### Required work
Beneath this line are entries. Copy the range from the line with "Диван кожаный" to the line with "Siyah Saknuk Kadın", ends included, exactly; leave pictures out.
━━━━━ Input for this task ━━━━━
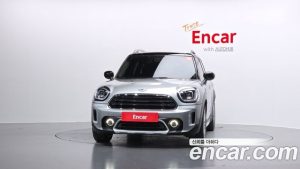 Mini Countryman CLASSIC Plus COMFORT PACK 2023 года из Южной Кореи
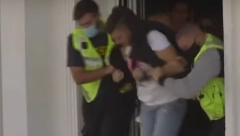 RAZBIO JE GLAVU, KRV ŠIKLJALA NA SVE STRANE Ovo je najgora svađa Dalile i Dejana u Zadruzi 5, svi su zanemeli nakon ovih kadrova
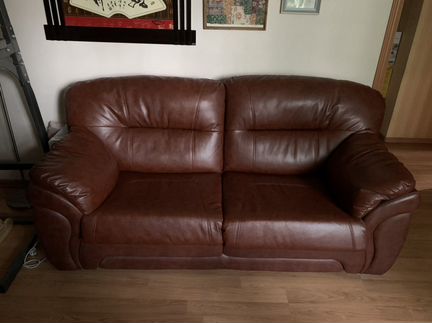 Диван кожаный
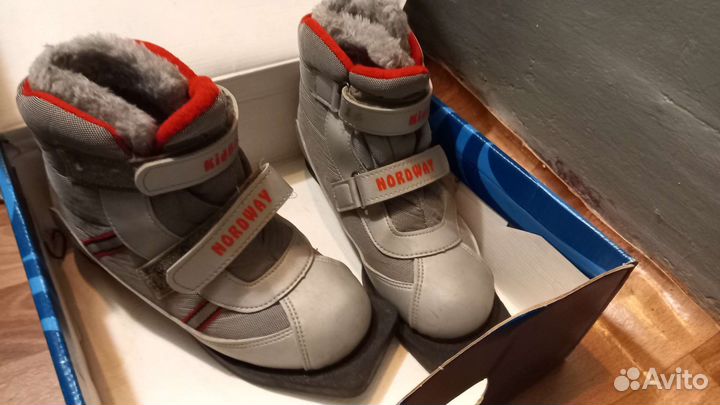 Беговые лыжи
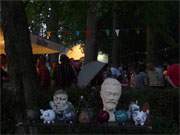 Seebrckenfest im Bernsteinbad Koserow: Verkaufsstnde nach Sonnenuntergang.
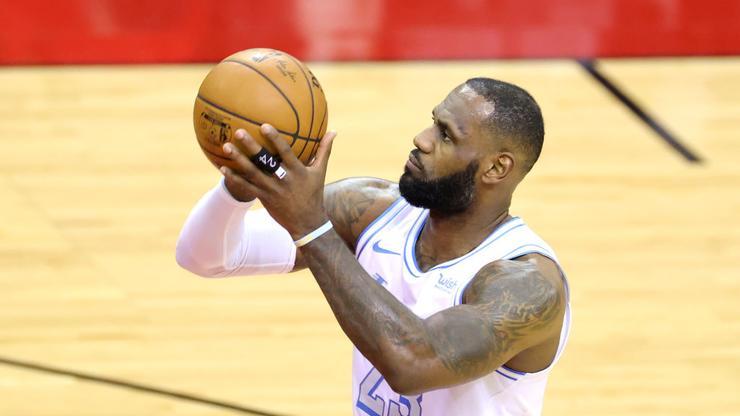 LeBron James Sinks Iconic No-Look 3-Pointer & Wins Mid-Game Bet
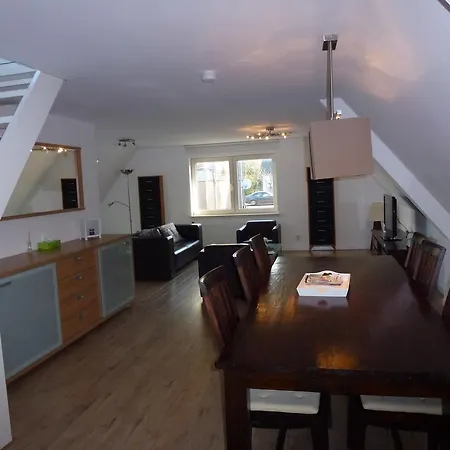 スキポール * アールスメール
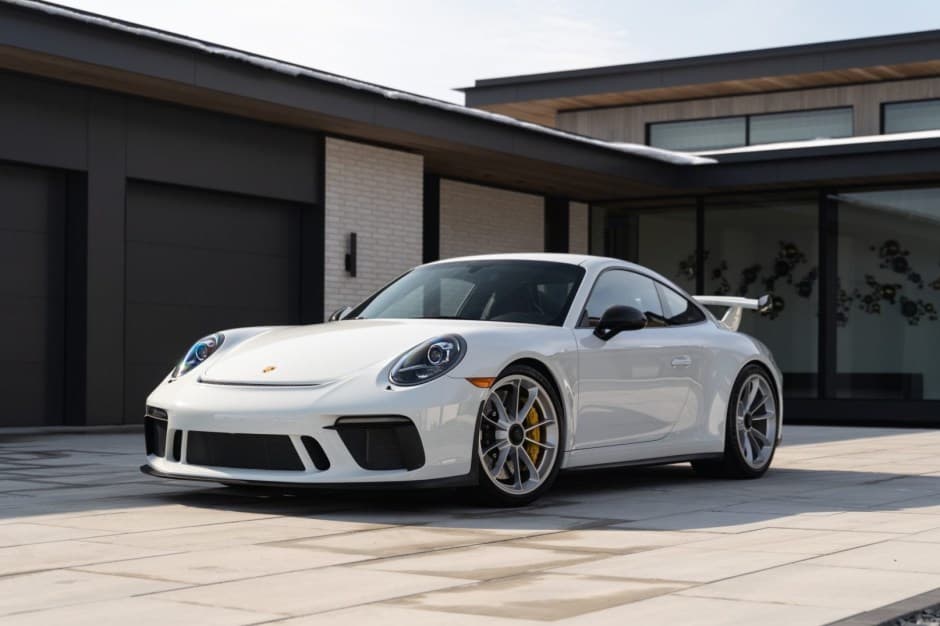2018 Porsche 991 911 GT3 sold for $217,000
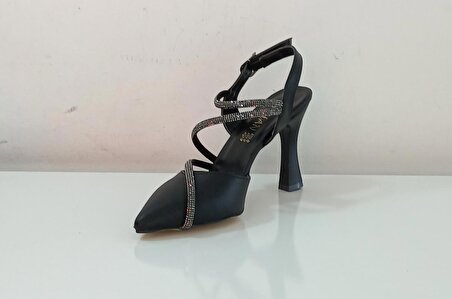 Siyah Saknuk Kadın Karnıyarık Siyah Taşlı İnce Topuk Topuk Boyu 8,5 Cm Stiletto Topuklu Ayakkabı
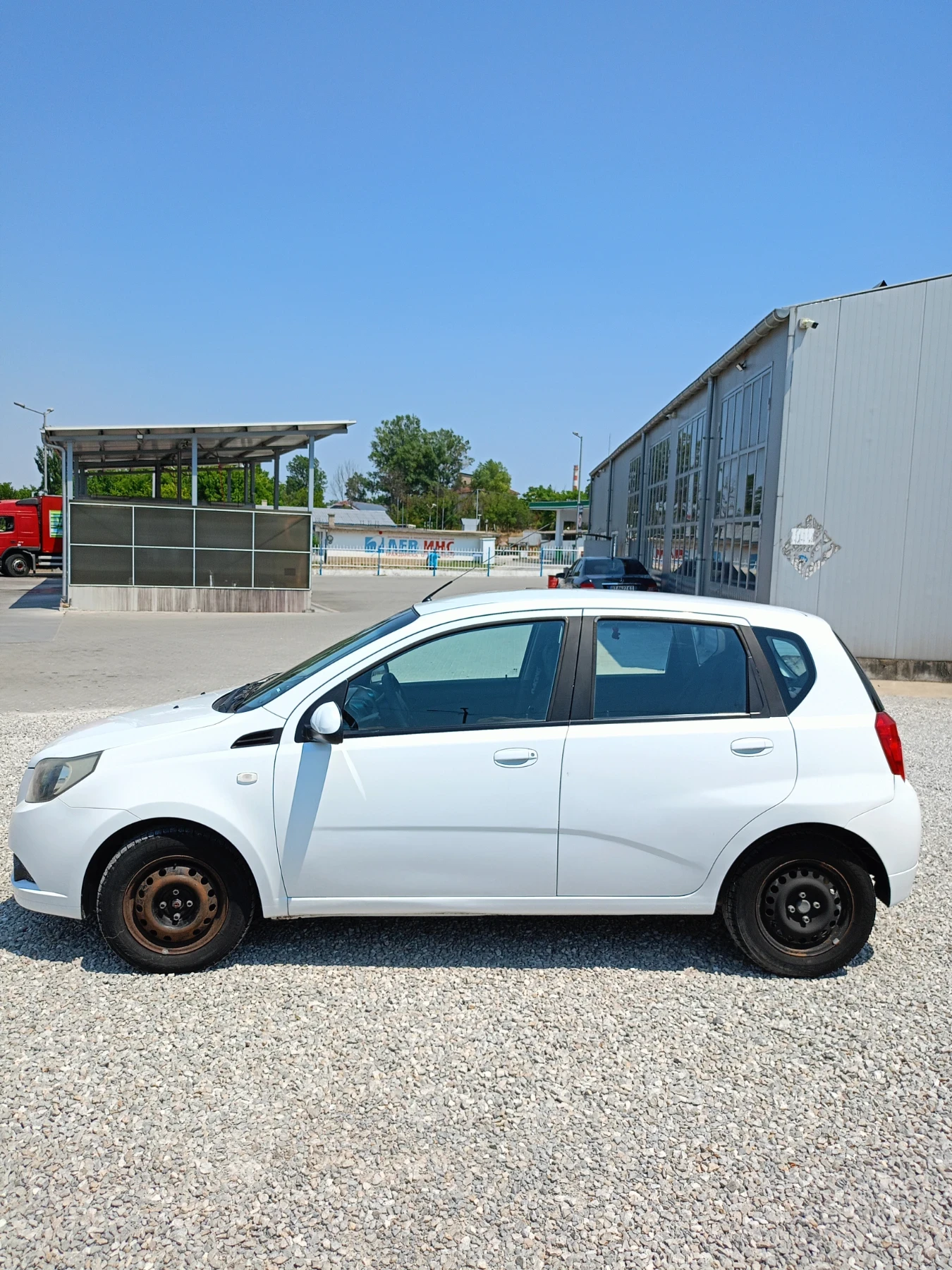 Chevrolet Aveo  - изображение 3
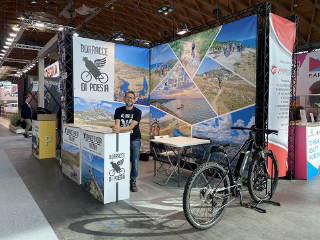 “Borracce di poesia” pedala fino al TTG Rimini: il cicloturismo in versi e in viaggio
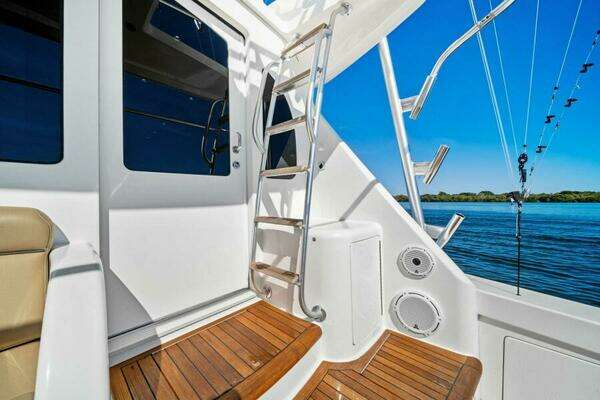 Viking 55 Convertible Yacht For Sale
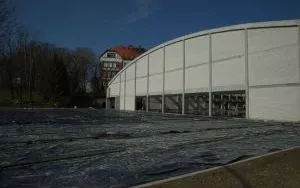 Boisko zewnętrzne i zaplecze socjalne (7)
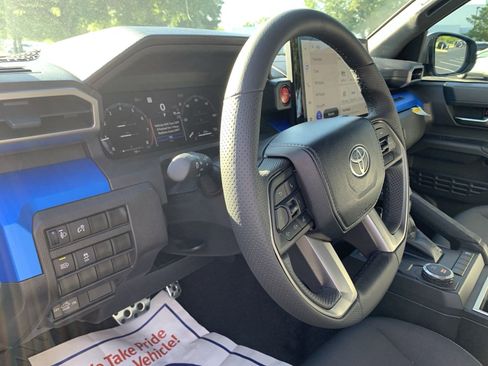 New 2024 Toyota Tacoma TRD Sport image 18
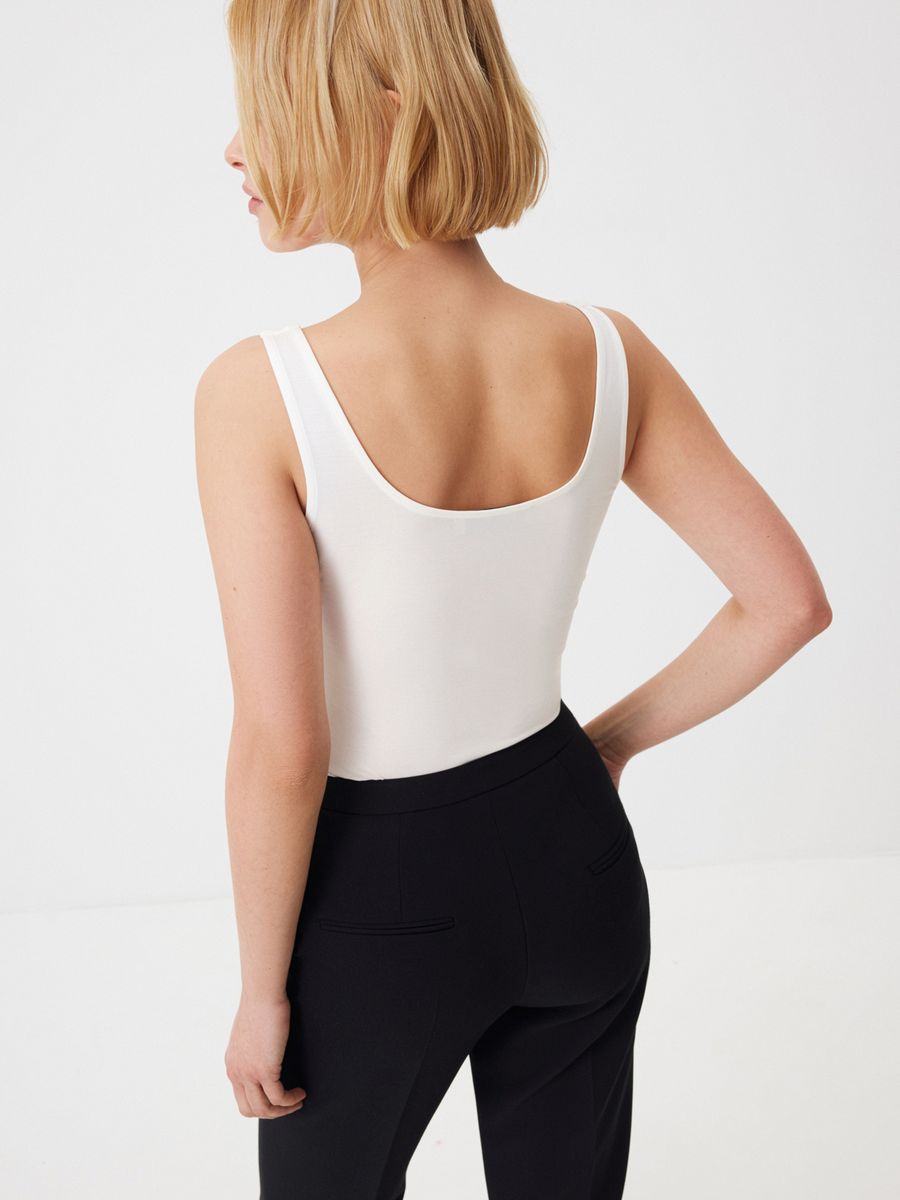 Топ из струящегося трикотажа Elegant White
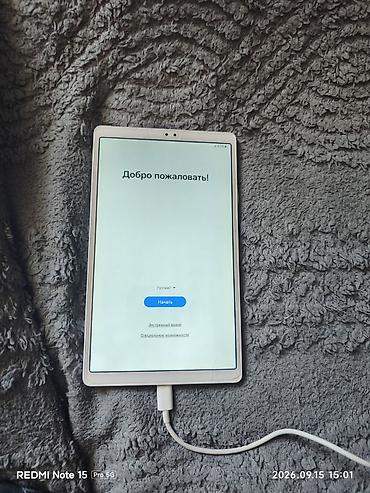 а 11 самсунг: Планшет, Samsung, 8" - 9", Б/у, Классический цвет - Серебристый — 2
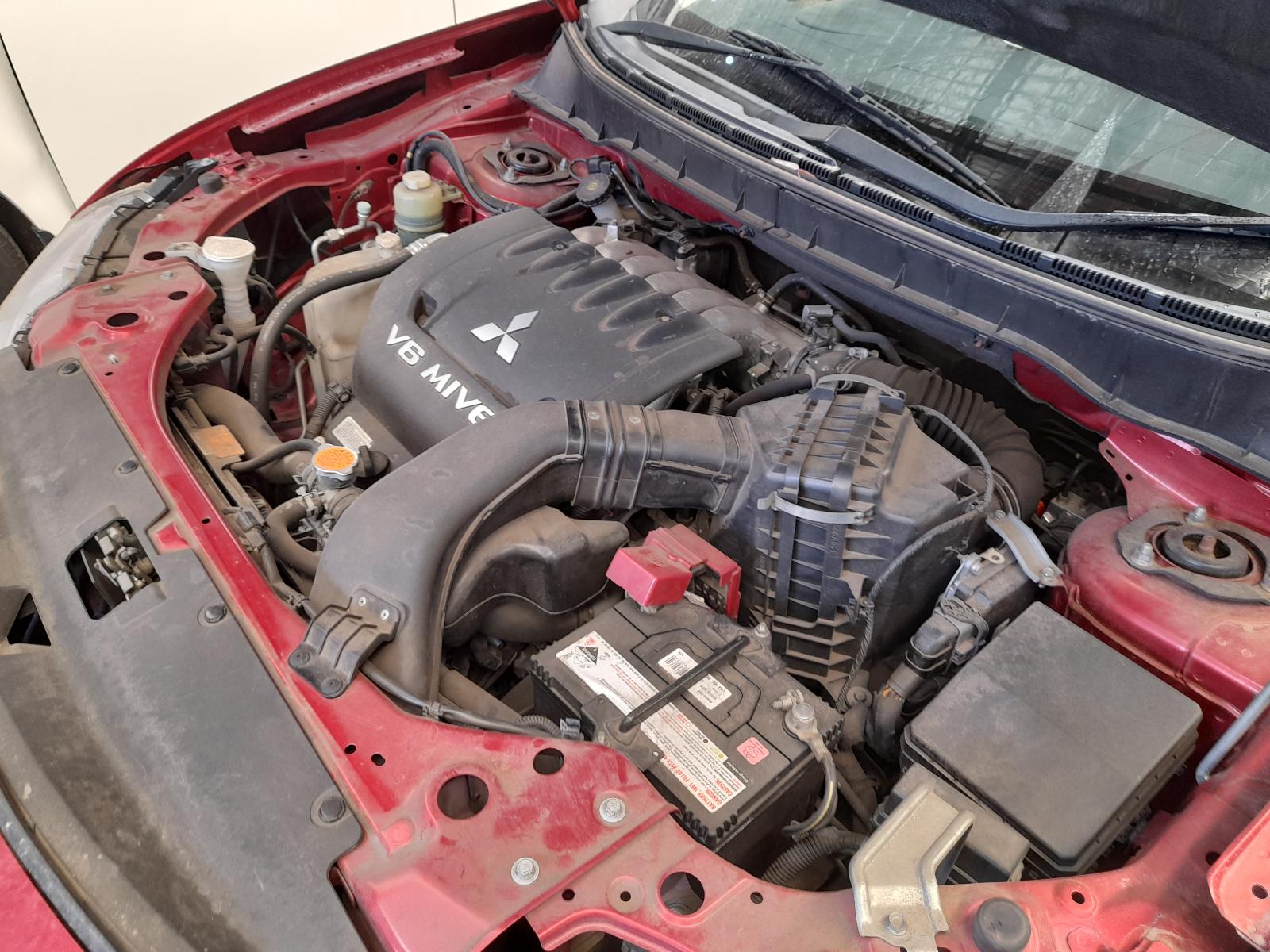 View Auto part Left Taillight Mitsubishi Outlander 2011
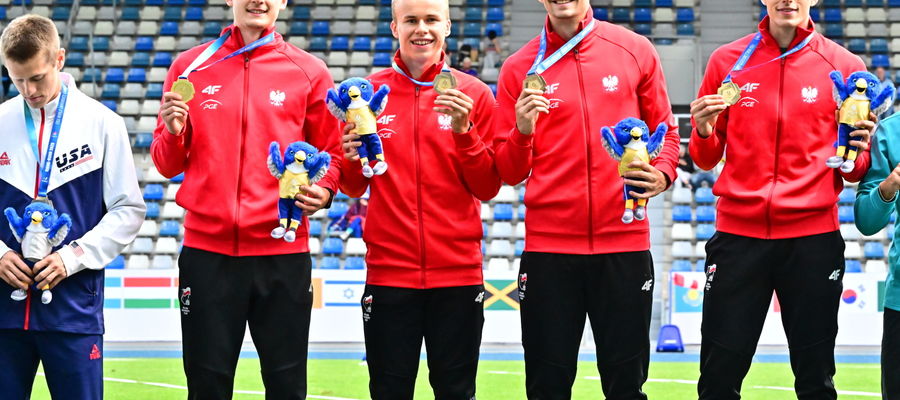 Złoci medaliści w biegu sztafetowym 4x400m: Maksymilian Szwed (2L), Marcin Karolewski (2P), Daniel Sołtysiak (P) i Wiktor Wróbel (3L) podczas dekoracji medalowej na 32. Letniej Uniwersjadzie.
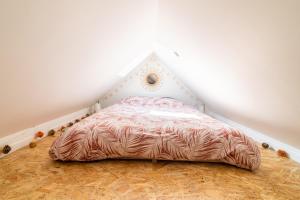 Neighbour's flat photo 9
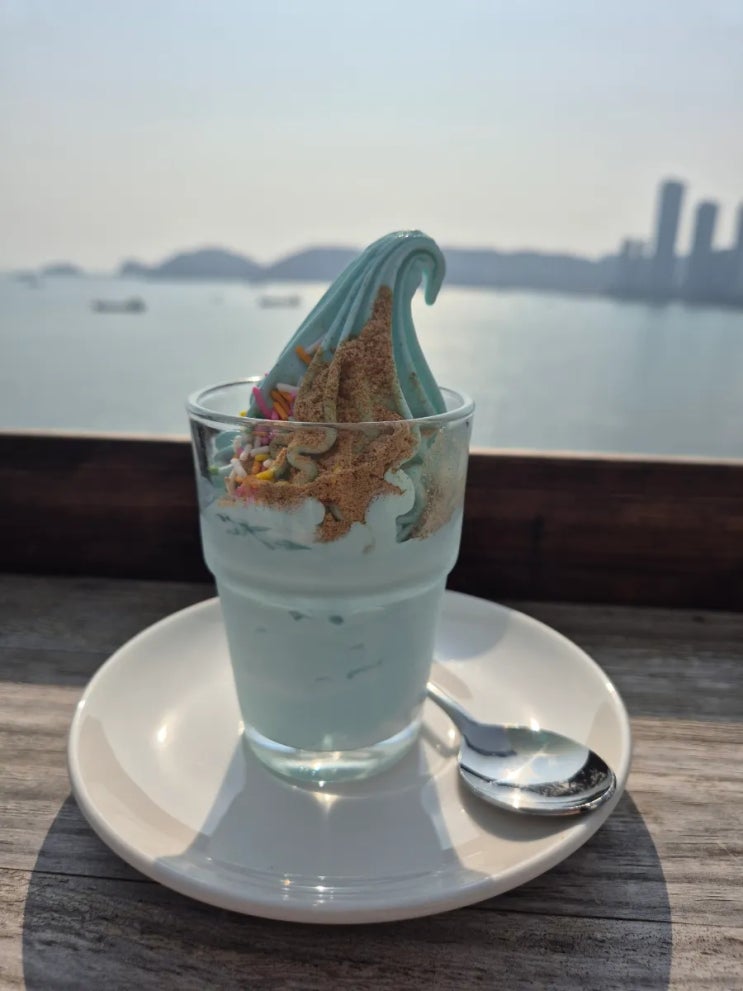  26.03 부산 영도 카페 흰여울문화마을 후기
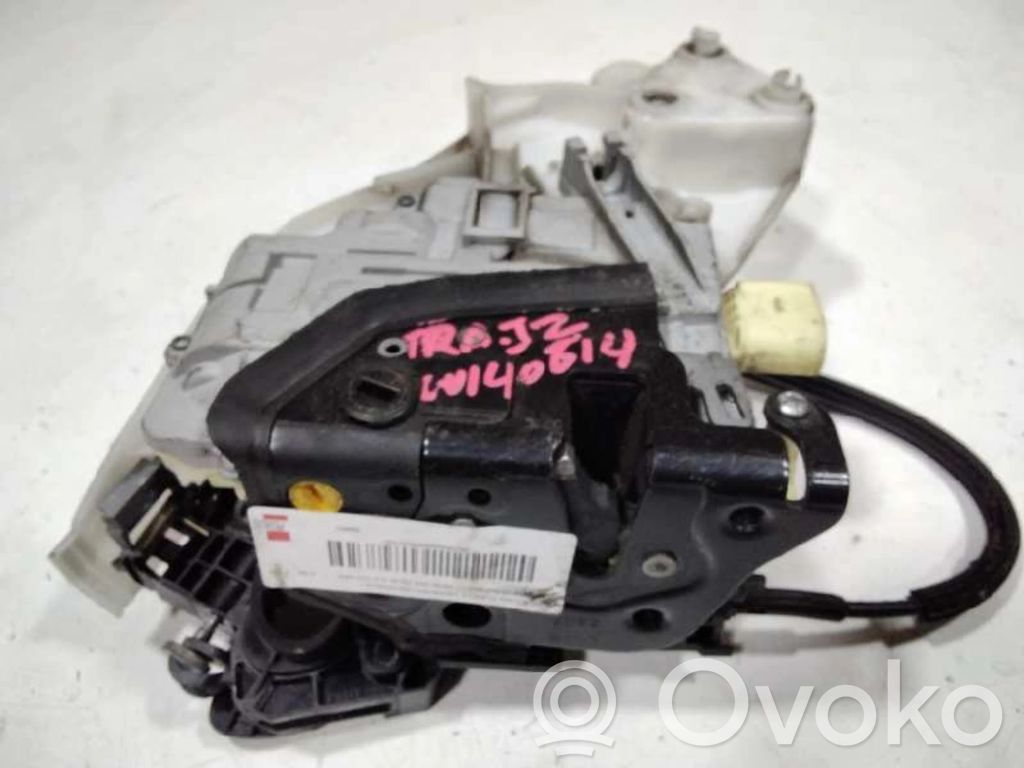 Volkswagen Passat Alltrack Zamek drzwi tylnych 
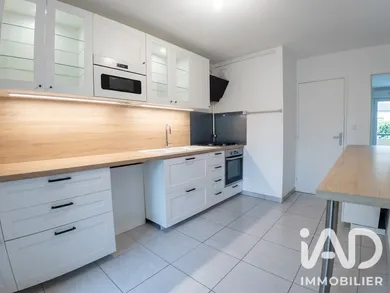 Apartment in Aix-en-Provence (13100)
━━━━━
### Response
 Диван кожаный
 Беговые лыжи
 Seebrckenfest im Bernsteinbad Koserow: Verkaufsstnde nach Sonnenuntergang.
 LeBron James Sinks Iconic No-Look 3-Pointer & Wins Mid-Game Bet
 スキポール * アールスメール
2018 Porsche 991 911 GT3 sold for $217,000
 Siyah Saknuk Kadın Karnıyarık Siyah Taşlı İnce Topuk Topuk Boyu 8,5 Cm Stiletto Topuklu Ayakkabı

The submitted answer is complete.